Changping Yinb,
Liping Sheng*a,
Yudong Yanga,
Gengyuan Liangb,
Suli Xingb,
Jingcheng Zengb and
Jiayu Xiaob
aNational Local Joint Engineering Laboratory for New Petro-chemical Materials and Fine Utilization of Resources, College of Chemistry and Chemical Engineering, Hunan Normal University, Changsha, 410081, P. R. China. E-mail: sleeping1217@126.com
bCollege of Aerospace Science and Engineering, National University of Defense Technology, Changsha, 410073, P. R. China
First published on 14th November 2018
There has been little research focus on the interface problems of phthalonitrile (PN) resin and carbon fiber. However, interface performance is related to the overall mechanical properties of composites and is very important. This study focused on the interfacial performance and adhesion mechanism of a carbon fiber Cf/PN composite. Micro-composites of Cf/PN and Cf/epoxy resins were prepared, and their interfacial shear strengths (IFSS) were tested by micro-droplet testing. The result showed that the IFSS of Cf/PN was higher than that of Cf/epoxy resin, indicating that the interfacial adhesion of the PN matrix composite must be more effective. To explain the obtained results, a number of tests, including SEM, SEM-EDS, FTIR, and TGA, were carried out. From the SEM analyses, cured PN polymer films were found on the surface of de-bonded carbon fibers. With the aid of SEM-EDS, the elements on the de-bonded carbon fiber surface of the Cf/PN composite were detected in situ. An interesting synchronous relationship was observed in the IFSS and SEM-EDS results. Through the FTIR spectra, the chemical structures of the PN polymers were identified. From the detailed analyses and discussion in this work, the effective interfacial bond function in the Cf/PN composite appears to be a complex result for all relative functions. The functional advantage of the PN composite may be the interface conjugation between the PN polymers and the graphene layer on the surface of the carbon fiber.

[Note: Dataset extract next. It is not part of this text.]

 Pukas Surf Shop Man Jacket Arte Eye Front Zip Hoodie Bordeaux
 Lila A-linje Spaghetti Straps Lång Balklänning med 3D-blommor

Most research on interface performance has focused on the holistic and macroscopic performance of carbon fibers, for example, in studies of the surface energy,13,15 contact angle,16,17 element constitution,17–19 and acidity of carbon fiber.20–23 These holistic carbon-fiber-performance factors certainly influence the interface performance of composites; however, the de-bonded and failure regions of carbon fibers are weak but critical components of understanding the performance of fiber-reinforced composites. The properties and natures of these regions will be more important and meaningful than those of the carbon fibers alone. These interface regions exist at the micron scale, making in situ characterization significantly difficult, but with the help of Scanning Electron Microscopy combined with Energy Dispersive Spectrometry (SEM-EDS), in situ information from these micron-scale regions can be collected accurately. Using this advanced technology, the interface performance and adhesion mechanism of Cf/PN composites were investigated in this study.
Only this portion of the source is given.